Independent of all existing privacy controls, we need to realize that what is put online can never be considered completely secure or completely private. What we post on social media, once posted, is out of our control and could have undesirable effects, as many people have learned the hard way.
The following NYT article discusses examples of real people who have lost their reputations and their jobs because of online behavior–both their own and that of others: http://www.nytimes.com/2015/02/15/magazine/how-one-stupid-tweet-ruined-justine-saccos-life.html?_r=0. It is a good example of how one thoughtless remark on Twitter can have devastating effects for a person’s life–from their relationships to their career.
The article raises some interesting ethics questions regarding acceptable use of social media. The phenomenon of public shaming through social media may spark some interesting debate among high school students.
Privacy issues are not confined to the individual or to corporations. Government plays a huge role in the privacy debate as well. Not all countries and not all people in a particular country agree on what a government’s rights should be and what citizens’ rights should be. There is often a tradeoff between security and privacy. On the one hand, citizens want to feel that their private lives are protected even from the government. On the other hand, citizens want to feel secure. Governments justify the use of digital surveillance to attempt to prevent dangerous situations, such as terrorist attacks. The controversy arises regarding where the line is drawn and regarding how aware citizens are of the government’s activities.

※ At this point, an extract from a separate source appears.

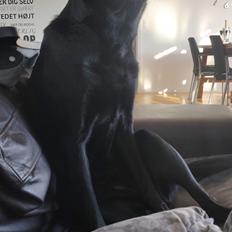 Labrador retriever Abby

The case of Edward Snowden is notable because it is recent and ongoing, and it has sparked a lot of debate about the tradeoff between security and privacy. Snowden, who has previously worked for the CIA, was working at Booz Allen Hamilton, an NSA contractor. In 2013 he left his job, taking thousands of classified documents with him. He then disclosed some of those documents to several journalists, claiming that it was in the public’s interest to know what kind of surveillance the NSA was conducting on American citizens. The surveillance included gathering data from e-mails, phone conversations, instant messaging, and texts. Currently, Snowden is believed to be in Russia, where he has been granted temporary asylum since he has been charged with espionage and theft of government property.
The following links give more information on the Snowden case:
The documentary “Citizenfour” directed by Laura Poitras and released in 2014, documents meetings between Edward Snowden and a reporter. The movie received the 2015 Oscar for best documentary.